ACTION ITEM
Reproduce the listing below exactly, except for its pictures.

**** DATA SECTION

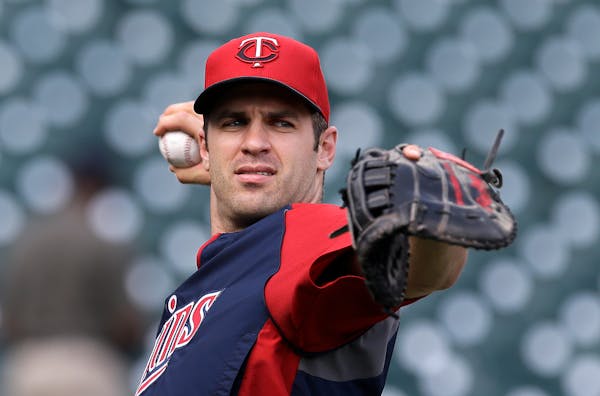 Joe Mauer should get used to wearing that first baseman's glove.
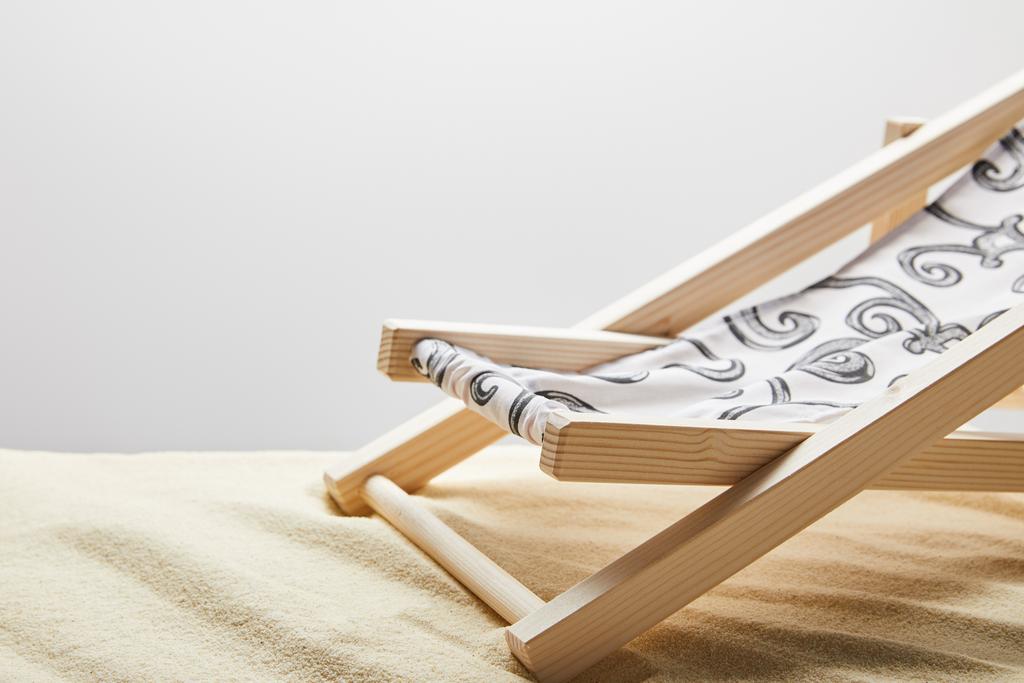 tumbona de madera sobre arena sobre fondo gris con espacio para copiar
 - Foto, imagen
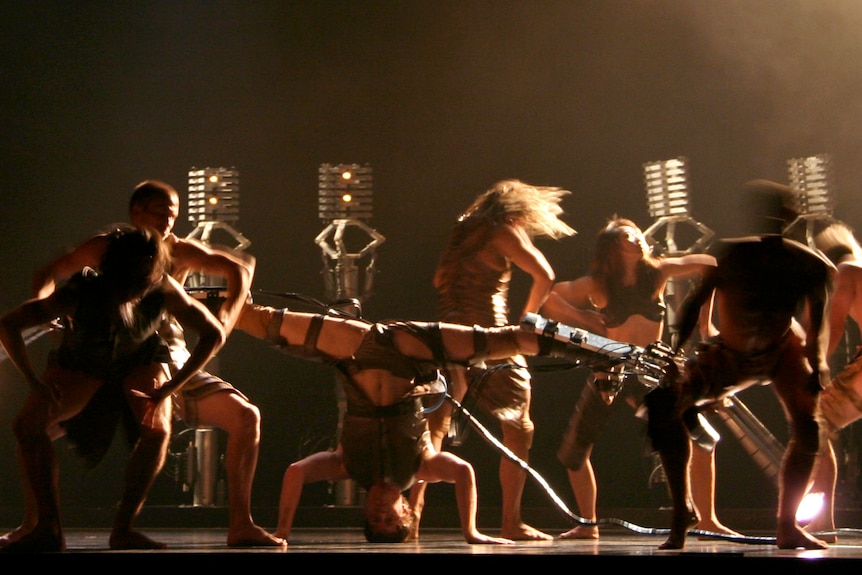 Dancers with prosthetic and mechanical attachments on a stage.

********

ANSWER AREA
 Joe Mauer should get used to wearing that first baseman's glove.
 tumbona de madera sobre arena sobre fondo gris con espacio para copiar
 - Foto, imagen
 Dancers with prosthetic and mechanical attachments on a stage.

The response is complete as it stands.